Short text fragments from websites
◆ ◆ ◆ ◆ ◆

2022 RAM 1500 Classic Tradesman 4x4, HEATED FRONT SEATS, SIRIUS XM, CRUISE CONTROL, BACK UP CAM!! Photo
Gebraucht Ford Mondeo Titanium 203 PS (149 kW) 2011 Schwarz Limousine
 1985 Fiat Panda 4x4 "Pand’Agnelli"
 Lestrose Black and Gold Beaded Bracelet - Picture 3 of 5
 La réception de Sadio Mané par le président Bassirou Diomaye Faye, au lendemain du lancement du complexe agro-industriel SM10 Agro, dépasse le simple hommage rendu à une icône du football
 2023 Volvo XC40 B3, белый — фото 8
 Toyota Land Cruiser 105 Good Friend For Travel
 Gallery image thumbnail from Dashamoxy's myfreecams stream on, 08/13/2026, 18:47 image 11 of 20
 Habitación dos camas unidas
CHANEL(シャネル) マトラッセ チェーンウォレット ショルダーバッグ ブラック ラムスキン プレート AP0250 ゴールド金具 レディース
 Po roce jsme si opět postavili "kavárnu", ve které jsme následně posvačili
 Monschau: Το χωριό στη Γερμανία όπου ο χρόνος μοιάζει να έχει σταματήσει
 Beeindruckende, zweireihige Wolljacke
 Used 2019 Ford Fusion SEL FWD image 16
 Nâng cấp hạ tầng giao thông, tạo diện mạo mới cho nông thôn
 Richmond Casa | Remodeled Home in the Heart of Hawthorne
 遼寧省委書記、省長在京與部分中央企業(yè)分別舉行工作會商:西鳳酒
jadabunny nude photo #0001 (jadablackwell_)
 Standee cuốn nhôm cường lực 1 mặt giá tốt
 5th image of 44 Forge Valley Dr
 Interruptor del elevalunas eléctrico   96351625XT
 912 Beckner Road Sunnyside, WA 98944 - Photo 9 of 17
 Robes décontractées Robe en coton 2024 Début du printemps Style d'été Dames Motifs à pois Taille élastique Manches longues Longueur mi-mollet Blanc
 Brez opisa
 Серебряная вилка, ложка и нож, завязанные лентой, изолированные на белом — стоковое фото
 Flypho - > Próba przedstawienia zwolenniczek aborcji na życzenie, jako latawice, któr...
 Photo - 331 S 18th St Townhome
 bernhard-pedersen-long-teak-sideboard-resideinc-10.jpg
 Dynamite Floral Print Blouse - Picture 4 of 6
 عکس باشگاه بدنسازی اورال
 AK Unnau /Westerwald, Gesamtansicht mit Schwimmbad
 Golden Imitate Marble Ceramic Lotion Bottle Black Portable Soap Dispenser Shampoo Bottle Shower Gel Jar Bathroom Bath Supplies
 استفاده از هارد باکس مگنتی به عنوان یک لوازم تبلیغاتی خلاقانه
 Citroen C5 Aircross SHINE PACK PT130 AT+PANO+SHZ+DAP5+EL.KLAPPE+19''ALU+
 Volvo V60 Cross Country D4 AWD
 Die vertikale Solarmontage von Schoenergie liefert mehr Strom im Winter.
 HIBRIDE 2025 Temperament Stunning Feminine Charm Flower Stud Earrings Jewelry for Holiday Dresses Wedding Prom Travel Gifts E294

◆ ◆ ◆ ◆ ◆

### TASK PROMPT
Copy only the entries from the first line to the line with "Monschau: Το χωριό", each exactly as it appears.

### SOLUTION FOR THIS EXERCISE
2022 RAM 1500 Classic Tradesman 4x4, HEATED FRONT SEATS, SIRIUS XM, CRUISE CONTROL, BACK UP CAM!! Photo
Gebraucht Ford Mondeo Titanium 203 PS (149 kW) 2011 Schwarz Limousine
 1985 Fiat Panda 4x4 "Pand’Agnelli"
 Lestrose Black and Gold Beaded Bracelet - Picture 3 of 5
 La réception de Sadio Mané par le président Bassirou Diomaye Faye, au lendemain du lancement du complexe agro-industriel SM10 Agro, dépasse le simple hommage rendu à une icône du football
 2023 Volvo XC40 B3, белый — фото 8
 Toyota Land Cruiser 105 Good Friend For Travel
 Gallery image thumbnail from Dashamoxy's myfreecams stream on, 08/13/2026, 18:47 image 11 of 20
 Habitación dos camas unidas
CHANEL(シャネル) マトラッセ チェーンウォレット ショルダーバッグ ブラック ラムスキン プレート AP0250 ゴールド金具 レディース
 Po roce jsme si opět postavili "kavárnu", ve které jsme následně posvačili
 Monschau: Το χωριό στη Γερμανία όπου ο χρόνος μοιάζει να έχει σταματήσει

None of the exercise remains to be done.